La sera del 16 ottobre del 2009 Stefano Cucchi viene colto in flagrante dalle forze dell’ordine, mentre vende sostanze stupefacenti e riceve in cambio denaro, in una zona di Roma, nel parco degli Acquedotti. In base alla ricostruzione dei fatti, compiuta con bravura dal regista Maurizio Cartolano, dopo che le forze dell’ordine in seguito alla perquisizione lo hanno arrestato, perché era in possesso di una esigua quantità di stupefacenti, Stefano Cucchi è stato arrestato e condotto nelle celle ubicate al di sotto del tribunale. In seguito, e questa sequenza dei fatti desta dubbi inquietanti sul modo in cui è stato trattato un cittadino malato ed indifeso, Stefano Cucchi è stato trasferito a Regina Coeli.

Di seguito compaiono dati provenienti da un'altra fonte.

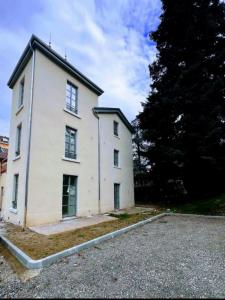 For sale Tassin-la-demi-lune 1 room 24 m2 Rhone (69160) photo 1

Dopo la breve detenzione nel carcere di Regina Coeli, è avvenuto il ricovero presso il Fatebenefratelli, un ospedale di Roma. Infine, il decesso di Stefano Cucchi si è verificato nel reparto detentivo dell’Ospedale Sandro Pertini di Roma. Come hanno ricordato suo padre e sua sorella, trattenendo a stento le lacrime e con accenti improntati a grande gentilezza e signorilità, invano i familiari, dopo avere appreso dell’arresto del loro congiunto, hanno tentato di rivederlo. Ogni loro richiesta, per potere incontrare Stefano Cucchi, si è scontrata con la incomprensibile durezza della burocrazia carceraria, contraria ai sentimenti di umanità e compassione. Dopo alcuni giorni i familiari, increduli e stupefatti, hanno appreso la tragica notizia della morte di Stefano Cucchi, un giovane che aveva bisogno di aiuto e non di essere maltrattato e sottoposto a sevizie di varia natura. I maltrattamenti e le sevizie inflitte e perpetrate nei riguardi di Stefano Cucchi, durante la detenzione seguita all’arresto, sono state confermate e documentate dalle foto scattate sul cadavere all’obitorio. Come ha riconosciuto nel film il professore Luigi Manconi, si tratta di fotografie strazianti e agghiaccianti, le quali dimostrano la brutalità del trattamento a cui presumibilmente, e spetterà al processo in corso di svolgimento accertare le responsabilità e la verità dei fatti, Stefano Cucchi è stato sottoposto.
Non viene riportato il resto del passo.